* _ACTIVITY_: Beginning at the line with "VidaXL Tuinstoelen 2", please repeat each line exactly through the end of the records below, including that first line and the last, but no pictures.

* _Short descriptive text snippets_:

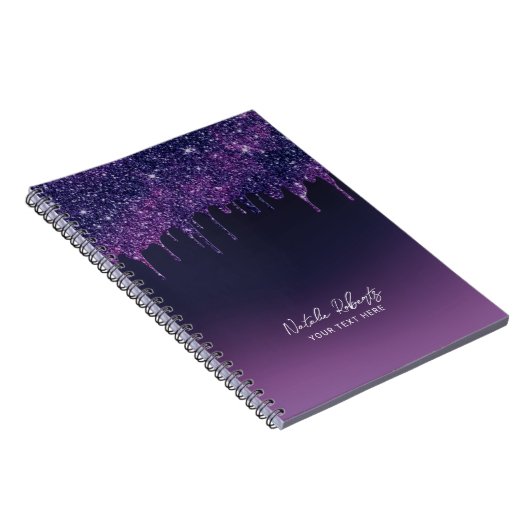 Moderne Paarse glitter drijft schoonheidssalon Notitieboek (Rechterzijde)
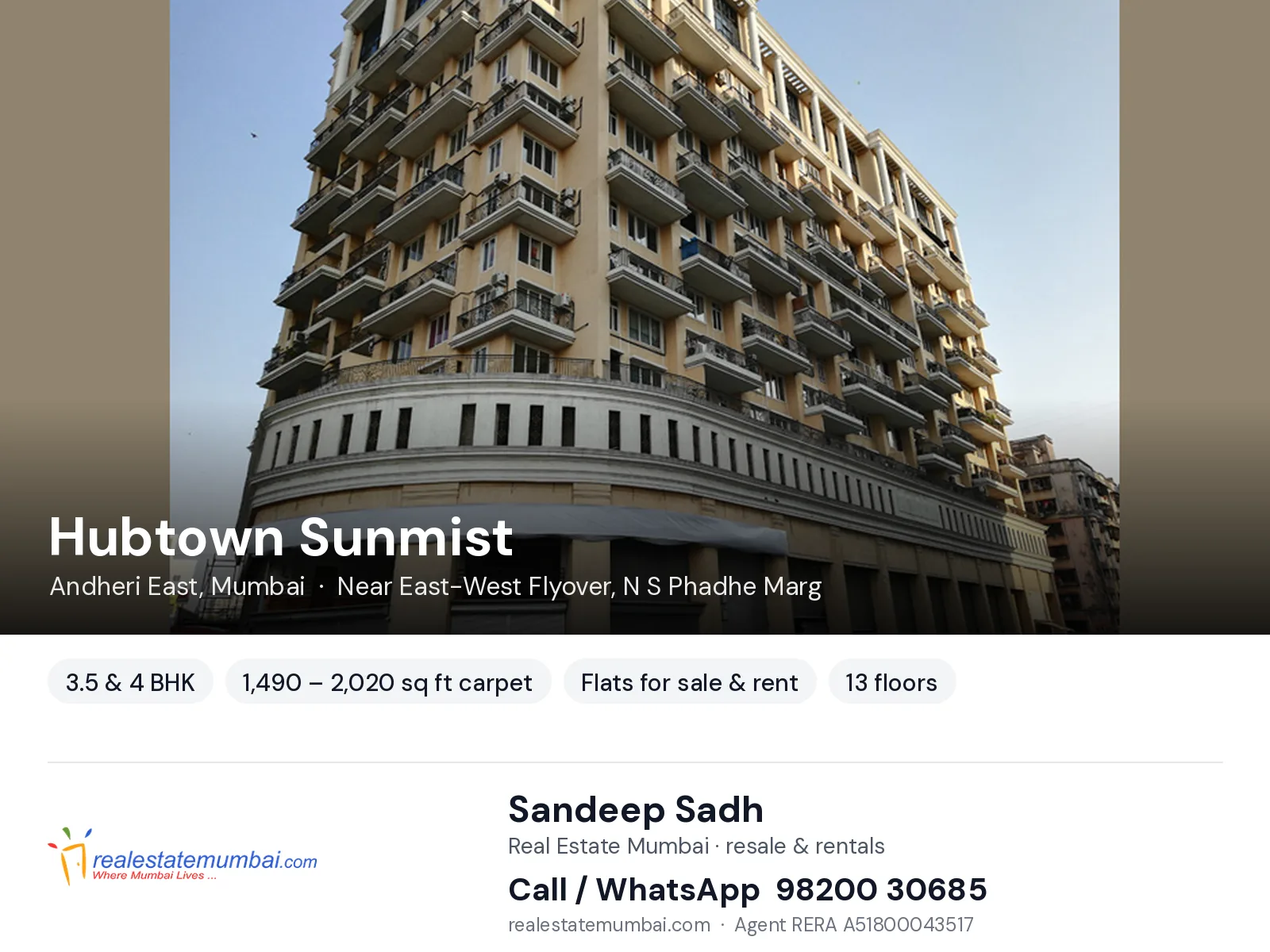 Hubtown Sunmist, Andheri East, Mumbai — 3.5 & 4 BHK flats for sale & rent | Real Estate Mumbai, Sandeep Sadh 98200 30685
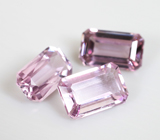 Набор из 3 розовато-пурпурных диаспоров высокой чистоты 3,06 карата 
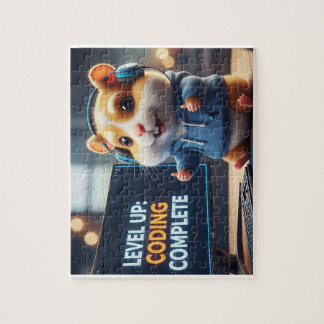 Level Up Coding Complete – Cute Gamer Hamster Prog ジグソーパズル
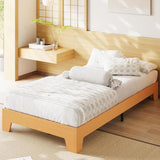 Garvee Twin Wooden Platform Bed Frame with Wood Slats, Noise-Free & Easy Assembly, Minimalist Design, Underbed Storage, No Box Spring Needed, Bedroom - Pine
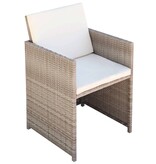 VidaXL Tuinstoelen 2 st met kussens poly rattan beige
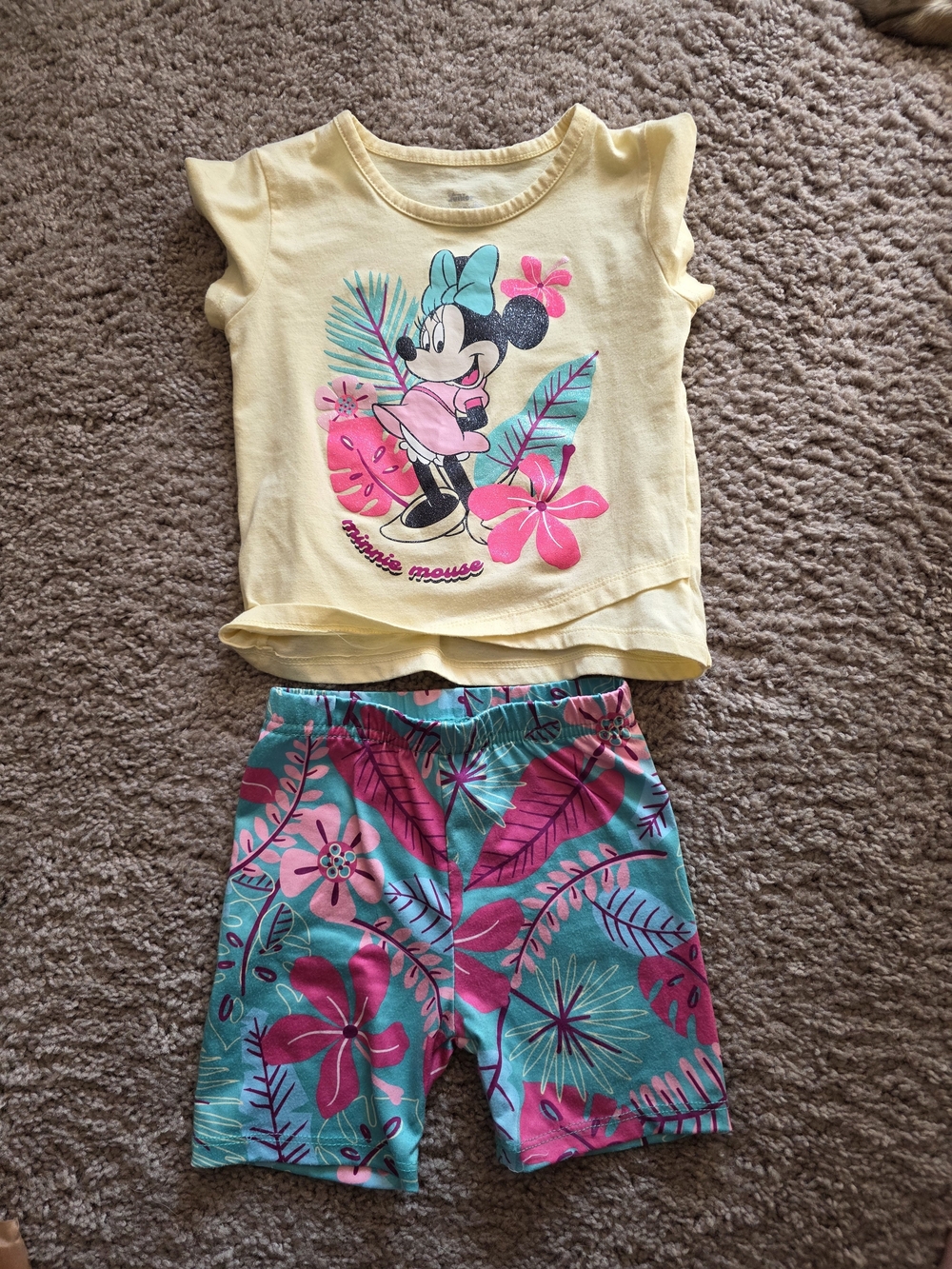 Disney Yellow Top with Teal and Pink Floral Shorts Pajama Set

* _RESPONSE FOR THIS EXERCISE_:
 VidaXL Tuinstoelen 2 st met kussens poly rattan beige
 Disney Yellow Top with Teal and Pink Floral Shorts Pajama Set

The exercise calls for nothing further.